The most common sensing element used by modern DP
transmitters is the diaphragm. One side of this diaphragm receives process
fluid pressure from the “high’’ port while the other receives process fluid
pressure from the “low’’ port. Any difference of pressure between the two ports
causes the diaphragm to flex from its normal resting (center) position. This
flexing is then translated into an output signal by any number of different
technologies depending on the manufacturer and the transmitter model.

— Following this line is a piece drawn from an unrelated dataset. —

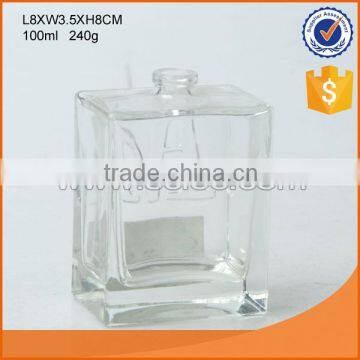 High quality & square glass cosmetic bottle with certificate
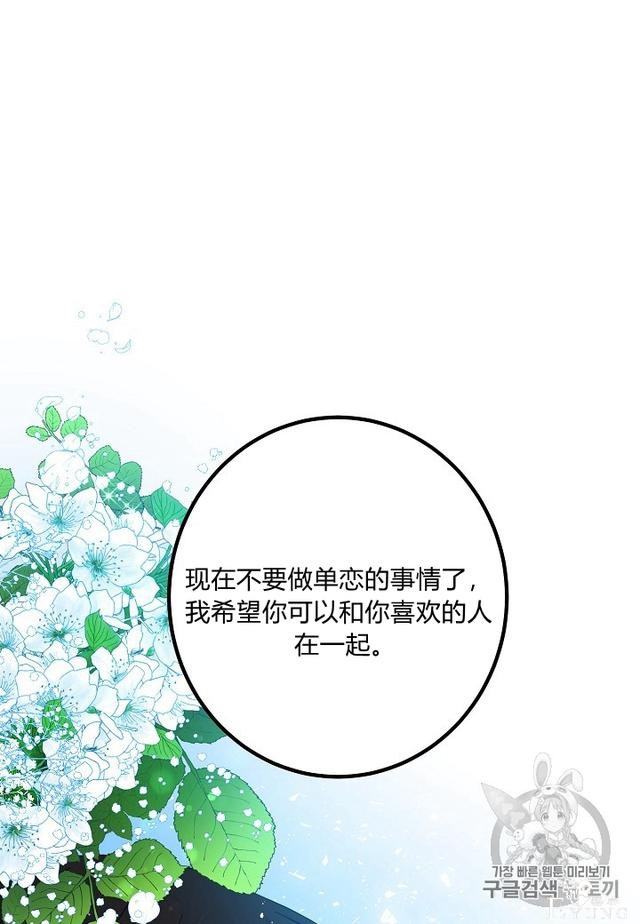漫画：韩漫-那个小姐的管家7-35.jpg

Differential Pressure (DP)
Transmitter Applications
The combination of two differential pressure ports
makes the DP transmitter very versatile as a pressure-measuring device. This
one instrument can be used to measure pressure differences, positive (gauge)

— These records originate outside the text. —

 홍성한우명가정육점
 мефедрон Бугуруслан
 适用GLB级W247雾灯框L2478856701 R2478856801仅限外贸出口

pressures, negative (vacuum), and even absolute pressures, just by connecting
the “high” and “low” sensing ports differently.
In every DP transmitter application, there must be
some means of connecting the transmitter’s pressure-sensing ports to the points
in a process. Metal or plastic tubes (or pipes) work well for this purpose, and
are commonly called impulse lines or gauge lines or sensing
lines. Typically these tubes are connected to the transmitter and to
the process by means of compression fittings which allow for relatively easy
disconnection and re-connection of tubes.

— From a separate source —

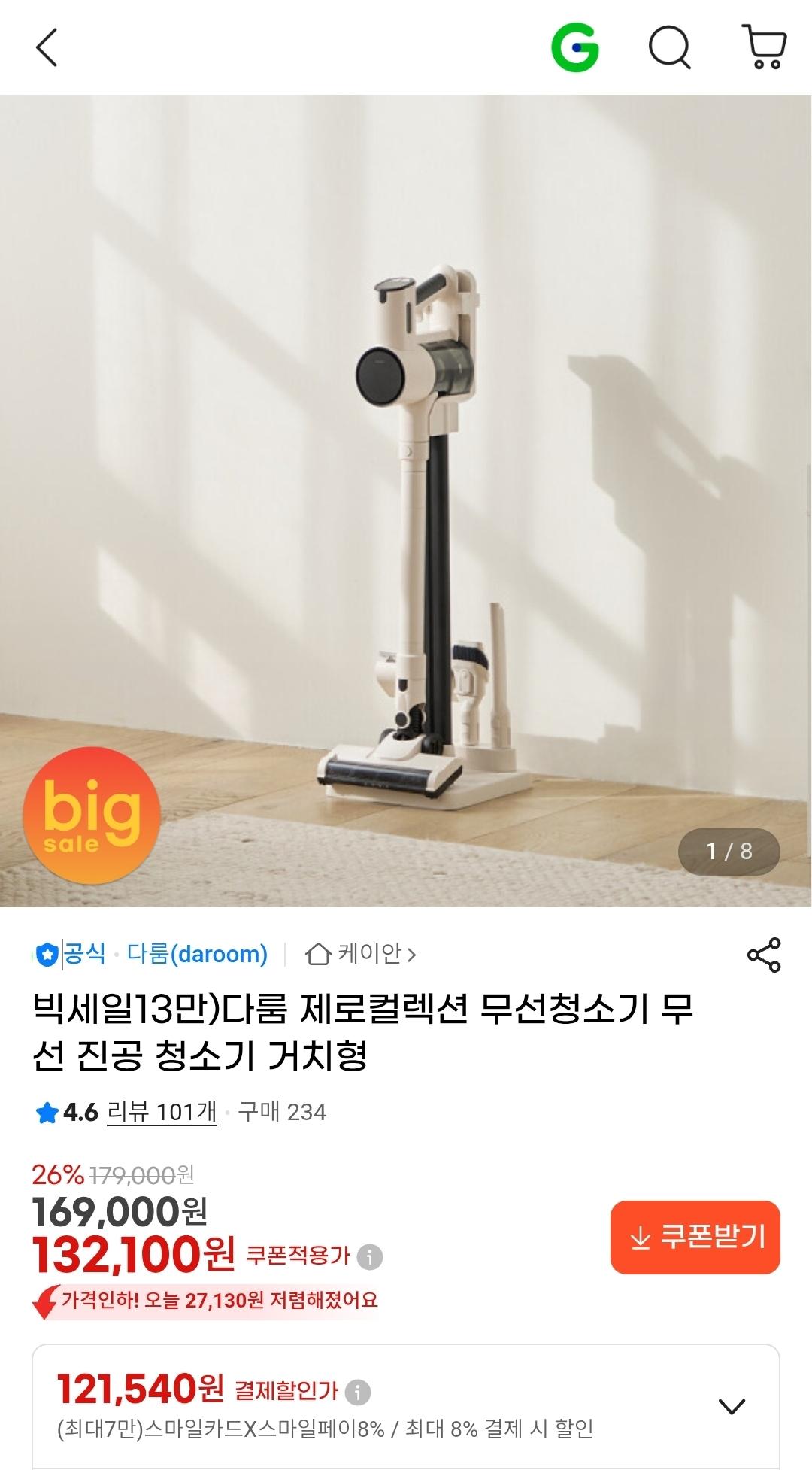 다룸 제로컬렉션 무선청소기 진공 물걸레 핸디 청소기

Key applications of DP transmitters
include:
Measuring Process Vessel Clogging
– We may use the DP transmitter to
measure an actual difference pressure across a process vessel such as a filter,
a heat exchanger, or a chemical reactor. The diagram below shows the use of a
DP transmitter to measure clogging of a water filter:
From the diagram above, you can see the high side
of the DP transmitter connects to the upstream side of the filter and the low
side of the transmitter to the down side of the filter. This way, increased
filter clogging will result in an increased transmitter output. Since the
transmitter’s internal pressure-sensing diaphragm only responds to differences
in pressure between “high” and “low” ports, the pressure in the filter and pipe
relative to the atmosphere is completely irrelevant to the transmitter’s output
signal. The filter could be operating at a line pressure of 15 PSI or 15000 PSI
– the only variable the DP transmitter measures is the pressure drop across the
filter. If the upstream side is 15 PSI and the downstream side is 14 PSI, the
differential pressure will be 1 PSI sometimes labelled PSID, where “D” is
differential. If the upstream pressure is 15000 PSI and the downstream pressure
is 14,999 PSI, the DP transmitter will still see a differential pressure of
just 1 PSID.
Measuring positive gauge pressure
– DP instruments can also serve as
gauge pressure instruments. If we simply connect the “high” side of a DP
instrument to a process vessel using an impulse tube, while leaving the “low”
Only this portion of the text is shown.